**PROBLEM TO WORK ON**
Reproduce, exactly and in full, only the lines below from the one containing "360 Swivel Round" through the one containing "Wool and mohair sweater with lurex hearts".

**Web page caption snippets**
►

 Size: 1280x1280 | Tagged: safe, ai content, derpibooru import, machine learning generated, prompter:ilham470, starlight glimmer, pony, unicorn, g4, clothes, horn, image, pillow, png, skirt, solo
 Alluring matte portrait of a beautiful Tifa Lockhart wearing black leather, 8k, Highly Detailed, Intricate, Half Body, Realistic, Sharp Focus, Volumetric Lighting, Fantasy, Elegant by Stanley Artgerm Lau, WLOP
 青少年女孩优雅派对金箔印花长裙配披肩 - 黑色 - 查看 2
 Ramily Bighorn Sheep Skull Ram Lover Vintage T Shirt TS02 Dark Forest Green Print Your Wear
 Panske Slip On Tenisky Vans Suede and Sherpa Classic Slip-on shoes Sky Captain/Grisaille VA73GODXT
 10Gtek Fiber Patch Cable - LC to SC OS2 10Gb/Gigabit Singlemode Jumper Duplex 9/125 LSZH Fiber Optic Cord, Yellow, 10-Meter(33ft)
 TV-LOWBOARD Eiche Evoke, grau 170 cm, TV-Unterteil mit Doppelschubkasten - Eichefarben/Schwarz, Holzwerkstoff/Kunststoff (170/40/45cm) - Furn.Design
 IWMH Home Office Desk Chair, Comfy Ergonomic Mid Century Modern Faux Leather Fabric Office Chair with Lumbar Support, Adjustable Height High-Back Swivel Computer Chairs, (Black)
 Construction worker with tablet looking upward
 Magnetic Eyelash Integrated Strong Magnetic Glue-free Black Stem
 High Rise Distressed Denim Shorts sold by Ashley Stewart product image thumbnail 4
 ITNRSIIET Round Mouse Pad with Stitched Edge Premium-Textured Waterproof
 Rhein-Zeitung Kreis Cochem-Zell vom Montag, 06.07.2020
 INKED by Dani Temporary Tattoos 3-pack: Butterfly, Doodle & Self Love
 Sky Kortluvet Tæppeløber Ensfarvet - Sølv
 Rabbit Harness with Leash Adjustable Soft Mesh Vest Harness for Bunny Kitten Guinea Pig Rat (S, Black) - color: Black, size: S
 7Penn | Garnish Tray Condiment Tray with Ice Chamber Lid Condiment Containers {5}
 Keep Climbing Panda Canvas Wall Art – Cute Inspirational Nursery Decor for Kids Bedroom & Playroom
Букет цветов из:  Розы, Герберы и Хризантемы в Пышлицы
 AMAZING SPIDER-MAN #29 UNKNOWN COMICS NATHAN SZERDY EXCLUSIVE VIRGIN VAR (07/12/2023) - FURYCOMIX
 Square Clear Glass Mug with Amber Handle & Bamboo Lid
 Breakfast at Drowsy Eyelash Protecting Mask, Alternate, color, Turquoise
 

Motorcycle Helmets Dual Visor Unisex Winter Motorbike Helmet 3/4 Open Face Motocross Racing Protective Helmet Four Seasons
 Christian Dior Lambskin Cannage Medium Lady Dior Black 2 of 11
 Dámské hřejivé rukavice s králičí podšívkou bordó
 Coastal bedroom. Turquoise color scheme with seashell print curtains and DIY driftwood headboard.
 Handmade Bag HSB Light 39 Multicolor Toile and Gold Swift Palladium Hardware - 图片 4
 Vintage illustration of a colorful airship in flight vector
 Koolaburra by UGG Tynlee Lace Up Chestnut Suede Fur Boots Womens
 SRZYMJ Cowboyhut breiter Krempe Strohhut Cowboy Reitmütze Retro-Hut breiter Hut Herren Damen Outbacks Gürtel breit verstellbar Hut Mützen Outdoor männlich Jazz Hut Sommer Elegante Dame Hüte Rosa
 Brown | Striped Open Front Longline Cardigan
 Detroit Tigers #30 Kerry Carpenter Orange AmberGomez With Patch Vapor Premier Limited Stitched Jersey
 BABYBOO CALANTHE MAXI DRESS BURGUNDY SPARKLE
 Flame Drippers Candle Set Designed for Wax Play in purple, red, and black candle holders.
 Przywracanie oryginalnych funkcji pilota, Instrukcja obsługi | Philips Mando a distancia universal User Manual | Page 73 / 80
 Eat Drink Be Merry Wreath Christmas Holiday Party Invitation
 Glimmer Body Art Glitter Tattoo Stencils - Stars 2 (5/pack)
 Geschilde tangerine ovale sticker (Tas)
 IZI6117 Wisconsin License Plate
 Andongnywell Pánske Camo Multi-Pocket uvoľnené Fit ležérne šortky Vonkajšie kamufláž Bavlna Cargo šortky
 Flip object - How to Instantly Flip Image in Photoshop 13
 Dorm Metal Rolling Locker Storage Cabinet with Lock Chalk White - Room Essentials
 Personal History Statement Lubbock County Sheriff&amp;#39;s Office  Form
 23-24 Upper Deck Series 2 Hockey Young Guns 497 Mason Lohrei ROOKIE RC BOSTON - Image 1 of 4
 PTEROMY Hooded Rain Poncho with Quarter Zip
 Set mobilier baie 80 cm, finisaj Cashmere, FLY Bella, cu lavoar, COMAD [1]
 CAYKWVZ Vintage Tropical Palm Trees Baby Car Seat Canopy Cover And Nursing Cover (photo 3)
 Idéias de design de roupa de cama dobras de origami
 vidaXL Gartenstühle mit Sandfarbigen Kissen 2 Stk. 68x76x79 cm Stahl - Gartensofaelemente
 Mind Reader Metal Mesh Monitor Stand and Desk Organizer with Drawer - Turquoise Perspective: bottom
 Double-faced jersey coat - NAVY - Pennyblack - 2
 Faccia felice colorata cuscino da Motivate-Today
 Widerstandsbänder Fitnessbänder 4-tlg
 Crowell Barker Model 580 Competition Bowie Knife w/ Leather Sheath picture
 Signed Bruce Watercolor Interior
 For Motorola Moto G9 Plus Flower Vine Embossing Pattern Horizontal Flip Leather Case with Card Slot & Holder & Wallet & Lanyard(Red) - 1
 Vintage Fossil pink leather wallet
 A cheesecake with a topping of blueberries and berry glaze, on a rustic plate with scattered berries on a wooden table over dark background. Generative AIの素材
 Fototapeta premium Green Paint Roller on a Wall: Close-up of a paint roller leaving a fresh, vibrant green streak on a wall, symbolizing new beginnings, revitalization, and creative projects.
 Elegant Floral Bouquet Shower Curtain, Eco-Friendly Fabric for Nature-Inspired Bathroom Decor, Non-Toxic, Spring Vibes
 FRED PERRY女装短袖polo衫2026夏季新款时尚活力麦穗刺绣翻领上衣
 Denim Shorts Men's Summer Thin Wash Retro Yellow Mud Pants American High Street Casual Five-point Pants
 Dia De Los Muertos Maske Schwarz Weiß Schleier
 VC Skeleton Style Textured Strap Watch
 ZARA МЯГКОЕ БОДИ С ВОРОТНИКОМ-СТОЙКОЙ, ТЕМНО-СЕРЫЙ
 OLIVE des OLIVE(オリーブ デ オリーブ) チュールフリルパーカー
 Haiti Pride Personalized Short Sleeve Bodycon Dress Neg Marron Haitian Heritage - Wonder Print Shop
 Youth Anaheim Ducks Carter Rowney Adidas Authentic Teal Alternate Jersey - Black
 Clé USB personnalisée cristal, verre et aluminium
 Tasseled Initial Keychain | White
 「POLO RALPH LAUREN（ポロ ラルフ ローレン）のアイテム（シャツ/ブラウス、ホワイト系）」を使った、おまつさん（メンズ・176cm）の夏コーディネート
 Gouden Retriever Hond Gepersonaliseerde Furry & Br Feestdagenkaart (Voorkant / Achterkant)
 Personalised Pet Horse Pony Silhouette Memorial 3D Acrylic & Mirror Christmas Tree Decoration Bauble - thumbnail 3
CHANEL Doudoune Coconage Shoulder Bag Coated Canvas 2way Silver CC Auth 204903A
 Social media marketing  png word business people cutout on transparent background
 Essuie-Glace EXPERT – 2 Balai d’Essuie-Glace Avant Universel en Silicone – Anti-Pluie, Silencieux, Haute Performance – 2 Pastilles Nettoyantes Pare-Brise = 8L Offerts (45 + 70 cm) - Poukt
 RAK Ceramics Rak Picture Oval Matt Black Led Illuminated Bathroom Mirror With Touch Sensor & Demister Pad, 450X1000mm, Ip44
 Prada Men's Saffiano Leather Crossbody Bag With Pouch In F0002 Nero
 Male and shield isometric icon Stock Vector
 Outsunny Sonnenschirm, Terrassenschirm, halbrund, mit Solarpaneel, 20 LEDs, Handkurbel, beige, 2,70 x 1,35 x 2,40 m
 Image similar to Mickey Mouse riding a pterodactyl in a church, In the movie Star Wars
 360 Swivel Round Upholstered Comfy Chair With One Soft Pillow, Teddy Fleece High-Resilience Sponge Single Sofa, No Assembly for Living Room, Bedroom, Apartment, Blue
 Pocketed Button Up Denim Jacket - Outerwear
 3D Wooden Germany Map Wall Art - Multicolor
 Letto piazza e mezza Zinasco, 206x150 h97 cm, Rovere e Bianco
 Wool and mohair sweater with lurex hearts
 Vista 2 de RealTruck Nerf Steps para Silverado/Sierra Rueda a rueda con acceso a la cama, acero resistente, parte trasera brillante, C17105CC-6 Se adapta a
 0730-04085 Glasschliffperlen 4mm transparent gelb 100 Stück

◄

**OUTPUT FOR THIS EXERCISE**
 360 Swivel Round Upholstered Comfy Chair With One Soft Pillow, Teddy Fleece High-Resilience Sponge Single Sofa, No Assembly for Living Room, Bedroom, Apartment, Blue
 Pocketed Button Up Denim Jacket - Outerwear
 3D Wooden Germany Map Wall Art - Multicolor
 Letto piazza e mezza Zinasco, 206x150 h97 cm, Rovere e Bianco
 Wool and mohair sweater with lurex hearts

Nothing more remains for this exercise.